▶ **Work task**: Below are records to reproduce in full; copy them exactly but keep the pictures out.

[[ Exercise data open ]]

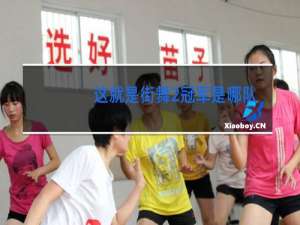 这就是街舞2冠军是哪队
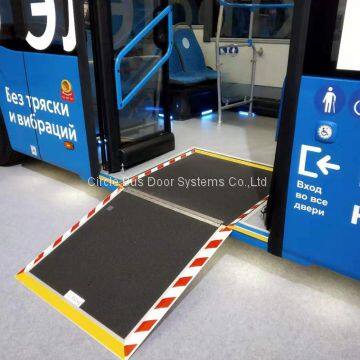 Manual bus and vehicle wheelchair access ramp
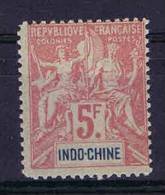 Indo-Chine: Yv Nr 16 MH/*, Maury  Cat Value € 150 - Neufs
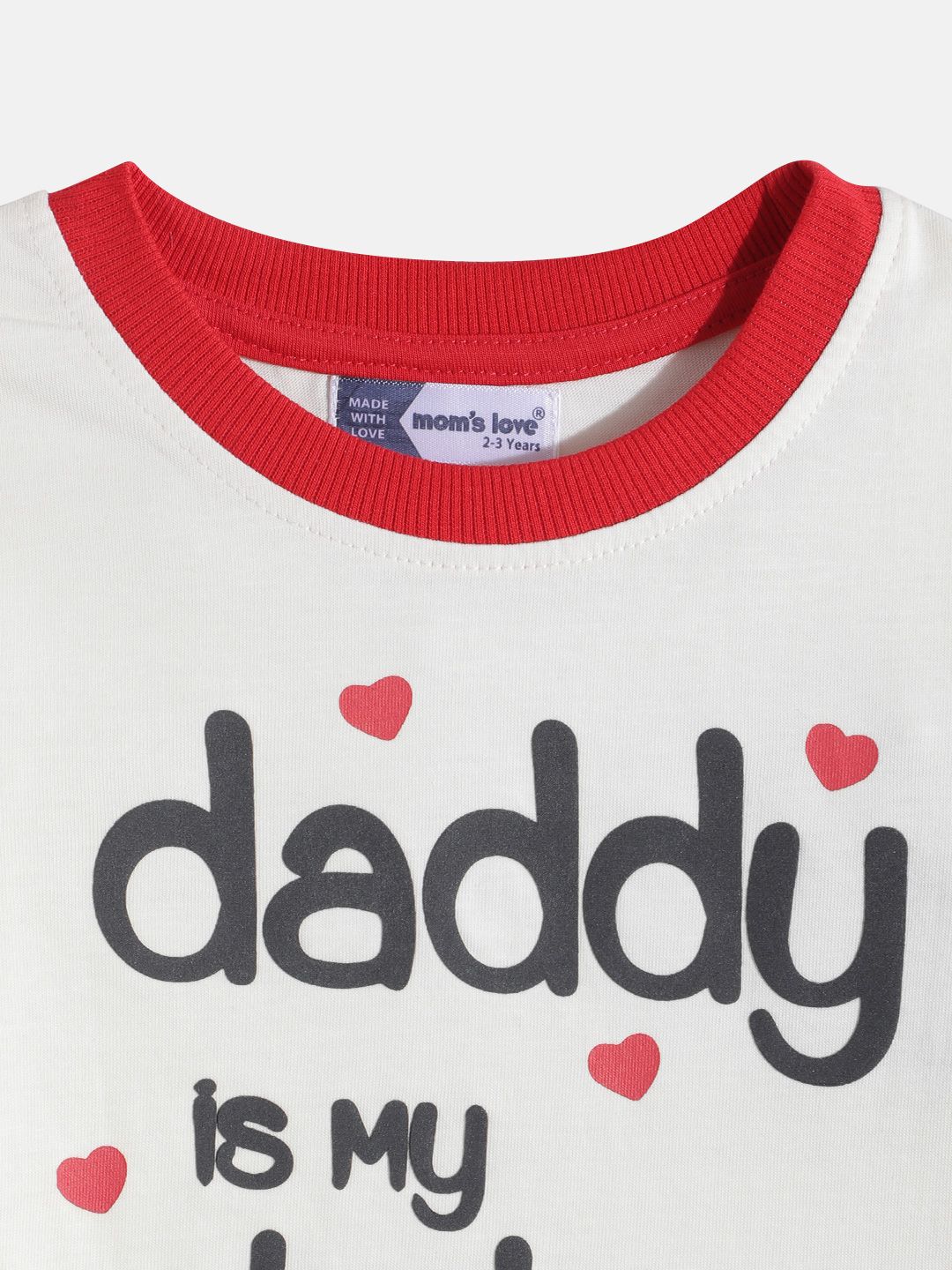 Moms Love Kids Girls Printed Pure Cotton Clothing Set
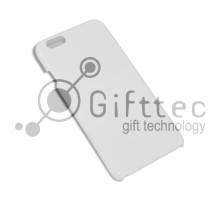 IPhone 7/8 - Белый чехол глянцевый пластик (для 3D - сублимации)
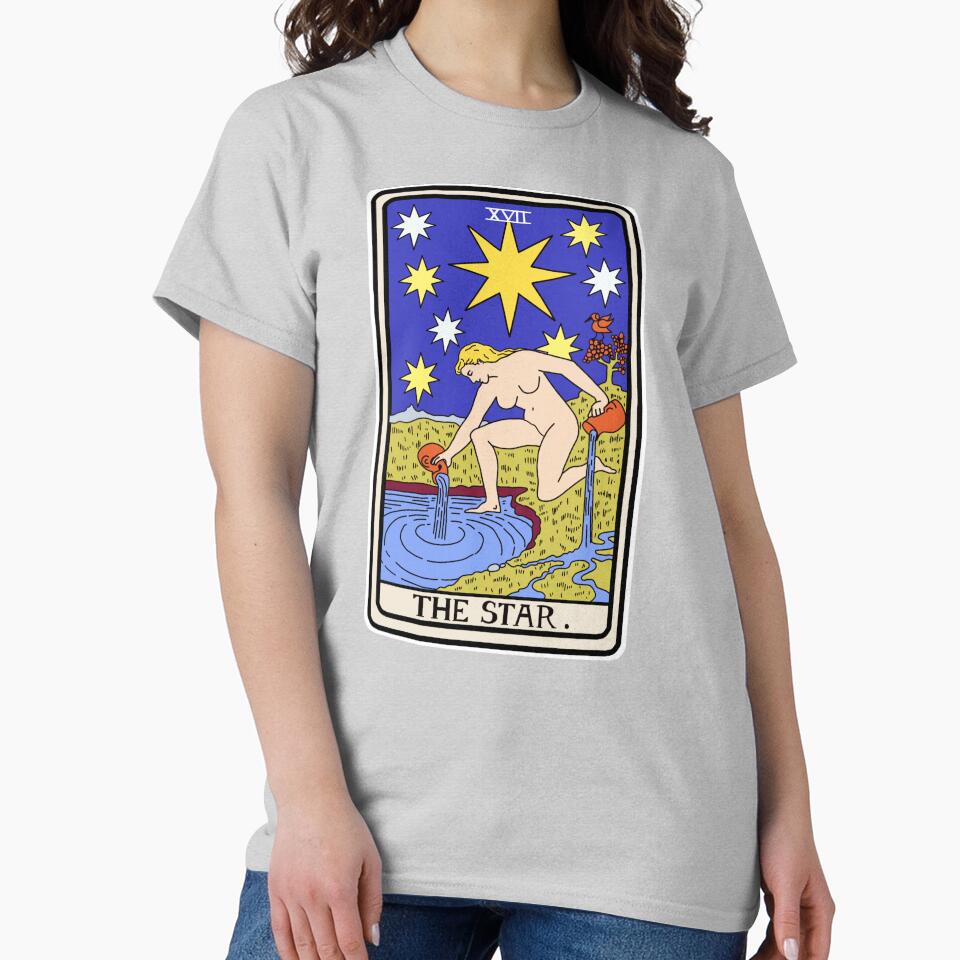 The Star Tarot Celestial Design T-shirt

[[ Exercise data closed ]]

▶ **Response**:
 这就是街舞2冠军是哪队
 Manual bus and vehicle wheelchair access ramp
 Indo-Chine: Yv Nr 16 MH/*, Maury  Cat Value € 150 - Neufs
 Moms Love Kids Girls Printed Pure Cotton Clothing Set
 IPhone 7/8 - Белый чехол глянцевый пластик (для 3D - сублимации)
 The Star Tarot Celestial Design T-shirt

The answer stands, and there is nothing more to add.